─── ENTRIES PROVIDED ───
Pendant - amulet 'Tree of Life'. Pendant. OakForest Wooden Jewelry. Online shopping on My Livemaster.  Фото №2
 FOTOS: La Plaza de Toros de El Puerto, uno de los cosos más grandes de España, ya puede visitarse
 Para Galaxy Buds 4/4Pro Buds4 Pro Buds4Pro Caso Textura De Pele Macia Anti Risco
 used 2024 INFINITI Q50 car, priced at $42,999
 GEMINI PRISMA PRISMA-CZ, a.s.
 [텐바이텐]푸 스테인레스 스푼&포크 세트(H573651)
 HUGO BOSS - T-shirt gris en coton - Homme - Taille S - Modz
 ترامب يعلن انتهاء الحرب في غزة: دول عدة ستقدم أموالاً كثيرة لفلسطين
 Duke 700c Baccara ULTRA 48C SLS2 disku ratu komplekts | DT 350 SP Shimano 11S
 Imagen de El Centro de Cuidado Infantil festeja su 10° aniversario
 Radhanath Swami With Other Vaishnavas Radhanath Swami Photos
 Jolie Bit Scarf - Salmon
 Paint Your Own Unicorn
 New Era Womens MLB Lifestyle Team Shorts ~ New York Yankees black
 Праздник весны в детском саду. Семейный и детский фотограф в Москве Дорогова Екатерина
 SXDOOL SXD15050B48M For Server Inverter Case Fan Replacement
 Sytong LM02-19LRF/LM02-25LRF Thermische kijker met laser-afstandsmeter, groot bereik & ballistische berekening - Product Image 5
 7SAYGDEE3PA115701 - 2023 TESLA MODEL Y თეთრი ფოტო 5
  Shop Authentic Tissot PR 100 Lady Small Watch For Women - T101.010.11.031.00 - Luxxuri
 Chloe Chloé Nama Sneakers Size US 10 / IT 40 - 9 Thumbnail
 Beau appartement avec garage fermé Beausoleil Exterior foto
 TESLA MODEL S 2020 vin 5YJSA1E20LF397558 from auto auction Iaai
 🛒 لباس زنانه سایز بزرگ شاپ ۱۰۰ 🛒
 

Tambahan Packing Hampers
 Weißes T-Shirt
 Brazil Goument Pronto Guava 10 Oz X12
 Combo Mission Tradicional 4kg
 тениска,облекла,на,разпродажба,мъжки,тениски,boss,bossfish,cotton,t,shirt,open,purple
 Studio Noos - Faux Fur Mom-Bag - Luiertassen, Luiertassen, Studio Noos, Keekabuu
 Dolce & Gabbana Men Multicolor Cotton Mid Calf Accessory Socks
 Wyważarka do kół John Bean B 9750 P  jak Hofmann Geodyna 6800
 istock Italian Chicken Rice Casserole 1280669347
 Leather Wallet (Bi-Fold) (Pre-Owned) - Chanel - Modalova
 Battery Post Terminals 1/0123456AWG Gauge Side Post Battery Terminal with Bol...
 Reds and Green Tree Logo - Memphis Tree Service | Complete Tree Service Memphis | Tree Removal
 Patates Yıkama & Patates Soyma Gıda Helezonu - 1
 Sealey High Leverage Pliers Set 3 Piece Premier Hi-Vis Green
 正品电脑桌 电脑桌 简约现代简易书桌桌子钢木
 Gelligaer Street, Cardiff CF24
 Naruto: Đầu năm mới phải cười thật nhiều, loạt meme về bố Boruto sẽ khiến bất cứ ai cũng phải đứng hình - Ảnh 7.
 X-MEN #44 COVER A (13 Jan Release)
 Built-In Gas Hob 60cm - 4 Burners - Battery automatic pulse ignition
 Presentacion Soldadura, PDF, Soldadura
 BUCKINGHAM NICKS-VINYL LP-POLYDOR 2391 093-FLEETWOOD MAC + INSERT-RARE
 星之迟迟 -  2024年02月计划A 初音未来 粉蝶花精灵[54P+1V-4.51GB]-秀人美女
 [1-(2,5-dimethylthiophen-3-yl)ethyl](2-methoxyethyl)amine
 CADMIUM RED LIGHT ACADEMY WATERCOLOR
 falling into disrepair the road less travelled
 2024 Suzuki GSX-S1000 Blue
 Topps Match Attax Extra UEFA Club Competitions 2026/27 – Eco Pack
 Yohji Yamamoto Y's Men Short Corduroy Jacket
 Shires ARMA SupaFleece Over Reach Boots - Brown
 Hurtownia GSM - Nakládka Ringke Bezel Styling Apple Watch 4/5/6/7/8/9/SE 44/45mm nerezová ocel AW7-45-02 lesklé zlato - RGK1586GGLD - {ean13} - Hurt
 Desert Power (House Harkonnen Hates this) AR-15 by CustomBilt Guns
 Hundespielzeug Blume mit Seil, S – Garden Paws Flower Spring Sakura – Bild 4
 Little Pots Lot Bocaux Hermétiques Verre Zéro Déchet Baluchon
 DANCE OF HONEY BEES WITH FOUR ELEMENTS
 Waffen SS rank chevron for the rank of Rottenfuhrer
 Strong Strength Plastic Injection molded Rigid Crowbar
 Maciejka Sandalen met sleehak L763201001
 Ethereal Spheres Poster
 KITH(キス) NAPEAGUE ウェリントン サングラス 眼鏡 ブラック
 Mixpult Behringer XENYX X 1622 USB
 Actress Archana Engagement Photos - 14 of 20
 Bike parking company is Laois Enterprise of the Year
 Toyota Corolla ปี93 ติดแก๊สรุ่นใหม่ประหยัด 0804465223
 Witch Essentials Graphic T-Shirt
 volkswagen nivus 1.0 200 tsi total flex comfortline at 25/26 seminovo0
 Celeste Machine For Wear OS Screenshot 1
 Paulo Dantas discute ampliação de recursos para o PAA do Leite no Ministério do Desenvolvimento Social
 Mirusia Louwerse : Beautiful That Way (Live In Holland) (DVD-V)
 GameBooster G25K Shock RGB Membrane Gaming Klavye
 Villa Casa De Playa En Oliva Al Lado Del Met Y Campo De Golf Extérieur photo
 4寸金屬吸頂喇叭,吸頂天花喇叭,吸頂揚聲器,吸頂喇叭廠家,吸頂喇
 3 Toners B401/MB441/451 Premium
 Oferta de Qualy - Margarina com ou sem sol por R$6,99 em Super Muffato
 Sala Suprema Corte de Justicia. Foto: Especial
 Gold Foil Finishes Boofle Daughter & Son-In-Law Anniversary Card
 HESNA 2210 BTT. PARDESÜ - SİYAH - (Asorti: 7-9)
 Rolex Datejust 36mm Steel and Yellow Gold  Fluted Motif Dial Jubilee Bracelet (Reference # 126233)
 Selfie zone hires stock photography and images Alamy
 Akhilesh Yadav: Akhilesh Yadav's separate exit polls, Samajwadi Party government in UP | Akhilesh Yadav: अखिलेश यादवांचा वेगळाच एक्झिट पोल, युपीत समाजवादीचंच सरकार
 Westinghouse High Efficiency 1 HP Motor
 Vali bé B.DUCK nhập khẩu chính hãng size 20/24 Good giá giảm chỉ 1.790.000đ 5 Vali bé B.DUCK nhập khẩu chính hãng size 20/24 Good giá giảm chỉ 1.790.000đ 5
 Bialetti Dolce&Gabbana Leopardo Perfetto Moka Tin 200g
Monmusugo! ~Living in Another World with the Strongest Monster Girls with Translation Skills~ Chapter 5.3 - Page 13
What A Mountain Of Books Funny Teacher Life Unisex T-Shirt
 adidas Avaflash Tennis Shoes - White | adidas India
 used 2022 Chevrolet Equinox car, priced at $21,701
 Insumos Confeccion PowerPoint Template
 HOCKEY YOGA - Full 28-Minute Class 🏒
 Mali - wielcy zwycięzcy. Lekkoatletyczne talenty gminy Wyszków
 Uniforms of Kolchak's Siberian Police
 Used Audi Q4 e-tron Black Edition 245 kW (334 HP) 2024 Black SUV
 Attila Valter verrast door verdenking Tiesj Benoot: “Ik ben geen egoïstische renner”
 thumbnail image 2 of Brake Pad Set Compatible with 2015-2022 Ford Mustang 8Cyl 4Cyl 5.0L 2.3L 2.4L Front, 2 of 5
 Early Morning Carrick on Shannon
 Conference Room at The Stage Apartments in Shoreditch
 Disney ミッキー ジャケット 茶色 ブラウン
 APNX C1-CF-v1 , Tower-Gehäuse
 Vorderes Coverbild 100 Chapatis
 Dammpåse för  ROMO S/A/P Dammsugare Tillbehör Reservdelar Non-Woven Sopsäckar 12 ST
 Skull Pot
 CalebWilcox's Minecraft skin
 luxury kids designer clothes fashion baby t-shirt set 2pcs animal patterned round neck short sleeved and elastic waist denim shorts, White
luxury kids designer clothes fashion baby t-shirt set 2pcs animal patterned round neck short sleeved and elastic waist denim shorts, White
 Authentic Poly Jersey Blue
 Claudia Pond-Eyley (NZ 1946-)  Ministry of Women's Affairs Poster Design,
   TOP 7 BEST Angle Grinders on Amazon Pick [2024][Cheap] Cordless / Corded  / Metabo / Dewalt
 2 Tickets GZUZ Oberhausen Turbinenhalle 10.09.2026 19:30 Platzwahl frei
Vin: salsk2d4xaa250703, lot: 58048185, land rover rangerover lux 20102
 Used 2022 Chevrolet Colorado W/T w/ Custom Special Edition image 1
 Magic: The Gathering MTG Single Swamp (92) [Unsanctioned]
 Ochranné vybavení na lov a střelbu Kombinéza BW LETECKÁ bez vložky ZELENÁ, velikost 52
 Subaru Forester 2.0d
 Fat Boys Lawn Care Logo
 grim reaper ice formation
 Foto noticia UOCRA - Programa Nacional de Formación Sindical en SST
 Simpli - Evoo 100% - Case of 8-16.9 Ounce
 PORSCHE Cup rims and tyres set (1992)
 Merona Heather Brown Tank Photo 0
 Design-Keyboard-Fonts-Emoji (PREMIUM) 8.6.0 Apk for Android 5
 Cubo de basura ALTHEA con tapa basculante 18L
───
Exactly the lines above from the one with "SXDOOL SXD15050B48M For" to the one with "Shop Authentic Tissot", both included, are to be quoted; leave the rest out.

 SXDOOL SXD15050B48M For Server Inverter Case Fan Replacement
 Sytong LM02-19LRF/LM02-25LRF Thermische kijker met laser-afstandsmeter, groot bereik & ballistische berekening - Product Image 5
 7SAYGDEE3PA115701 - 2023 TESLA MODEL Y თეთრი ფოტო 5
  Shop Authentic Tissot PR 100 Lady Small Watch For Women - T101.010.11.031.00 - Luxxuri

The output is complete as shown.